An extract from the Unit A brief taught at Oxford Brookes University's Architecture Undergraduate course, 2016-2017.

Myth, Rumour and Reality
This year Unit A will be packing its bags and heading to the countryside. The city is historically seen by architects as the crucible of human activity and in recent years has seen more attention than ever before. Meanwhile, the countryside remains an under studied and widely misunderstood territory. Myths about the countryside are perpetuated in visual culture from the packaging of eggs to Country Life Magazine promoting the countryside as a pre-industrial pre-globalised idyllic rural Arcadia. Our focus on the city is creating a ‘terra incognita’ where design and planning decisions are based on misconceptions and outdated ideals. Common sentiment would dictate that the countryside is the domain of the provincial, slow and uncultured.
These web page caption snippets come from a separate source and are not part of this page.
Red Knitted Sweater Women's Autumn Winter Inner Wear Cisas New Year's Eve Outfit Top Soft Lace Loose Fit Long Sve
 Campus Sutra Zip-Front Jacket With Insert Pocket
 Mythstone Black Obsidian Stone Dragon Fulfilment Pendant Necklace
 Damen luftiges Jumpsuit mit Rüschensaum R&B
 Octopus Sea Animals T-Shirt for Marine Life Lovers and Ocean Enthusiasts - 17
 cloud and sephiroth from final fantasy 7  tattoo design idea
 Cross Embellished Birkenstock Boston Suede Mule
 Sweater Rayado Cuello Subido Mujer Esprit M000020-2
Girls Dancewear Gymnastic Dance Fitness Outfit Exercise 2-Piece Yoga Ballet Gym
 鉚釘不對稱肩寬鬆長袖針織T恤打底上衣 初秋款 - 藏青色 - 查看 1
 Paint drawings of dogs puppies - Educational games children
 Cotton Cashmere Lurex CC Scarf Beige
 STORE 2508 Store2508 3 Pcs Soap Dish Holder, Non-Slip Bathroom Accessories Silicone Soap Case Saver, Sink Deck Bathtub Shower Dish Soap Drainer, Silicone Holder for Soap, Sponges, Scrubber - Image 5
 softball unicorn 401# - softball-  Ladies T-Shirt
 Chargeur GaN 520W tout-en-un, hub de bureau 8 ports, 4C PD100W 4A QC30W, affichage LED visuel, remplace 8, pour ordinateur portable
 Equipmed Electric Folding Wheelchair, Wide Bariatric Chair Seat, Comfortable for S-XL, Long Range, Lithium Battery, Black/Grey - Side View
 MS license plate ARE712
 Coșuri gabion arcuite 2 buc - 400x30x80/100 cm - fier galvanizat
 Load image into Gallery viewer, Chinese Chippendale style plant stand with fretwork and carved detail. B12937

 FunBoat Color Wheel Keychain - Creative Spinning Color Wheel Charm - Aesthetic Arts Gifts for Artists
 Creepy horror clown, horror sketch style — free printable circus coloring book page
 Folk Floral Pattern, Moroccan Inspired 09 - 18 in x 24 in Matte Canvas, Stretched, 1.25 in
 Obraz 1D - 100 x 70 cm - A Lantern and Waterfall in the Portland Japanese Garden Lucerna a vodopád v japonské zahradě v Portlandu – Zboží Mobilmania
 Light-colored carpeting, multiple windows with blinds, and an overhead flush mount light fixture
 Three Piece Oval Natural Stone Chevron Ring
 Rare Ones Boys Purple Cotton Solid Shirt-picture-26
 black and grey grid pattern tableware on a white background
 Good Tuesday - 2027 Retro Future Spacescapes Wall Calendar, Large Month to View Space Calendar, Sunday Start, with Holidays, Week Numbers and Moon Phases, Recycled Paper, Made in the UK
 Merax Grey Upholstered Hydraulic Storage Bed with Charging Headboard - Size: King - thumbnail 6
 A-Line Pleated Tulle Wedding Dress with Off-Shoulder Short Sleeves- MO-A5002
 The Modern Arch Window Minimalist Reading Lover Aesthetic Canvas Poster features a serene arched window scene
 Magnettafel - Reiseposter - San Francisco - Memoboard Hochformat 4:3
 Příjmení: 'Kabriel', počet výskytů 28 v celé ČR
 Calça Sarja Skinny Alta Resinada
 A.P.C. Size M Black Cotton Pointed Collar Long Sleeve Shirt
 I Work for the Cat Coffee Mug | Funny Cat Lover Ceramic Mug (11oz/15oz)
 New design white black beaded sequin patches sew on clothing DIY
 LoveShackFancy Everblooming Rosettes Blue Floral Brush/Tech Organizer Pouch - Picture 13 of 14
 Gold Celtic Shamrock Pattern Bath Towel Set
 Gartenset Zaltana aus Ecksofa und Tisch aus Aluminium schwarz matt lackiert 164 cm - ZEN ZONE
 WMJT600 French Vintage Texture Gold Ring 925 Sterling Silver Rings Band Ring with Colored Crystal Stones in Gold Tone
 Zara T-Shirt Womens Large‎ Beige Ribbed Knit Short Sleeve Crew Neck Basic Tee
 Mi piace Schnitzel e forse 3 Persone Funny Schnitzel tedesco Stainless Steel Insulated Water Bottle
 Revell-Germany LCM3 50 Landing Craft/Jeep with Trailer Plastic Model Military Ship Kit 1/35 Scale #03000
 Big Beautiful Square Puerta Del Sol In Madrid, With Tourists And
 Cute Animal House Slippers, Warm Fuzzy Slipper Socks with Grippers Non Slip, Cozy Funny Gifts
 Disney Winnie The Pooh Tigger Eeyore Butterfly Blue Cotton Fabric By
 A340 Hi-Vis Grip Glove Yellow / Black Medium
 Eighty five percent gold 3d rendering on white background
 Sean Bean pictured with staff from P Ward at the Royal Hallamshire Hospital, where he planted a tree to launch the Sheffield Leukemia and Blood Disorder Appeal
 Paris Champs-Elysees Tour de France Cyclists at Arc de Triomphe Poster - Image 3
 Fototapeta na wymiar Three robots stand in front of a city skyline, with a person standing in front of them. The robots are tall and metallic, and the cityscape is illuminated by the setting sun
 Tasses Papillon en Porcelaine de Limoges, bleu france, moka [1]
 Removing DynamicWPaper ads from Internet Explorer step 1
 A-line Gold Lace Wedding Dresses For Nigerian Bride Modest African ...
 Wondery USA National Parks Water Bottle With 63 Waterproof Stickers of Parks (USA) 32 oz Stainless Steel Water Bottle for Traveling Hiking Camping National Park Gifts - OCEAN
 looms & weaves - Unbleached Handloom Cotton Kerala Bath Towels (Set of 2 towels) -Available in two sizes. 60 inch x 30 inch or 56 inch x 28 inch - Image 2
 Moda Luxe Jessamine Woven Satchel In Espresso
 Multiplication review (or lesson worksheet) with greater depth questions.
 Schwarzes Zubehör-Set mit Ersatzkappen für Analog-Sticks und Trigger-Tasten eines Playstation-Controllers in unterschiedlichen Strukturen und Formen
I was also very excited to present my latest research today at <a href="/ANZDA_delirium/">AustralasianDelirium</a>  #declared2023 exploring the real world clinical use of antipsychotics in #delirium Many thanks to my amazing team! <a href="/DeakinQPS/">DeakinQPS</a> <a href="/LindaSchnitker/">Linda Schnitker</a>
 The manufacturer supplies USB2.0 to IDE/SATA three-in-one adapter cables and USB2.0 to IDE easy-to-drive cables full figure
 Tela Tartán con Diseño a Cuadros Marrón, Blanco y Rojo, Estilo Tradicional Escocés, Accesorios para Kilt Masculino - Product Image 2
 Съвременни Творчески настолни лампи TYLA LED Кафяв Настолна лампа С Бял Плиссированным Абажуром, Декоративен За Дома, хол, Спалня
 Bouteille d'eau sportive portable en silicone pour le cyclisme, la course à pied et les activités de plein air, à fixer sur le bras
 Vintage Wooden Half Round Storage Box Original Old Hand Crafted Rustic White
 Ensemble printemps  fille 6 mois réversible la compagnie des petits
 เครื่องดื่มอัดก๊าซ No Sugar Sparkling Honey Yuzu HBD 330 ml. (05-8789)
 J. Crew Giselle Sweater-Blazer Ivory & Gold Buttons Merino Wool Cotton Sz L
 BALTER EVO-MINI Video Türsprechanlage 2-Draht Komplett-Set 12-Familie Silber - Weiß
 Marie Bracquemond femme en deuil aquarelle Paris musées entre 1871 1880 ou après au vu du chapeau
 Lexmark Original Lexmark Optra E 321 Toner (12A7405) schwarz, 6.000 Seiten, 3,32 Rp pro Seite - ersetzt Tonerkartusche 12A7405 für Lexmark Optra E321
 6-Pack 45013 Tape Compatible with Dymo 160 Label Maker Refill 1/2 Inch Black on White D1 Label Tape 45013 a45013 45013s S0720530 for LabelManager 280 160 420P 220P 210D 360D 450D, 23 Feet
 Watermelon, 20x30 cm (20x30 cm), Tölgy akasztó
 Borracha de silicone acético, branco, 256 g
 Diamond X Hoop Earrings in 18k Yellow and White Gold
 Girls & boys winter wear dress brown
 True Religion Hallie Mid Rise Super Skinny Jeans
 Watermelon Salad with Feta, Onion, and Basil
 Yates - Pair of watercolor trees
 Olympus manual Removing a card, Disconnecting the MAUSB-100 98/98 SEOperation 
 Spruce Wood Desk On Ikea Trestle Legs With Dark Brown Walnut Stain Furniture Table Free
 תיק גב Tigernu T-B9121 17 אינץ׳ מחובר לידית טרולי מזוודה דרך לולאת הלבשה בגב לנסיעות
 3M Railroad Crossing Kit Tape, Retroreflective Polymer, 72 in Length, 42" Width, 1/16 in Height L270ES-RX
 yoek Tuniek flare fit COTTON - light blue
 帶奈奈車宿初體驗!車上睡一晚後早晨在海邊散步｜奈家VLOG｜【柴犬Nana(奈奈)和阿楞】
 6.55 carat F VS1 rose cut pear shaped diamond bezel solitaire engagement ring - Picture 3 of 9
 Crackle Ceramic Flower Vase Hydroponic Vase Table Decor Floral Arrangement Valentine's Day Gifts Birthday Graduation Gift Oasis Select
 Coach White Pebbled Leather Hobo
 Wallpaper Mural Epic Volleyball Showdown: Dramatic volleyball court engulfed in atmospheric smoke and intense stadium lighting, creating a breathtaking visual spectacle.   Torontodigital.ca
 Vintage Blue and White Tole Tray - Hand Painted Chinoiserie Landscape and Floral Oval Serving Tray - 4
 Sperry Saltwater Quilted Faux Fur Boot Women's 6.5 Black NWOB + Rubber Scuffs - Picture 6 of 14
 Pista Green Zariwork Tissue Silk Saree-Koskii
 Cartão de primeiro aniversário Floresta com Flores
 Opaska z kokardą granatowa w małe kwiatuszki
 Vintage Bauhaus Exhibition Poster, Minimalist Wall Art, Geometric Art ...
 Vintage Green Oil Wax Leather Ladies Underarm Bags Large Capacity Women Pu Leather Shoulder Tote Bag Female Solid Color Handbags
Rem Koolhaas recently said rural areas are ‘changing more radically than our cities’ and closer examination shows that increasingly they operate much more similarly to cities than ever previously thought.

Tiny House
Our investigation of the rural will start in the way perhaps most familiar – as a holiday. The main project of the 1st semester will involve the design of a compact living space of maximum 12m2 for visitors to Dartmoor National Park. Exploiting planning regulation, these roadworthy mini hotel rooms will be designed for 2-3 people to spend up to 3-4 days. At this small scale you will develop a detailed understanding of ergonomics and the space surrounding the human body. We will focus on the materials and construction so by the end you will know the location of every screw in this mobile micro-building. Plans are also afoot to build one of your designs in oxford next summer with a group of students.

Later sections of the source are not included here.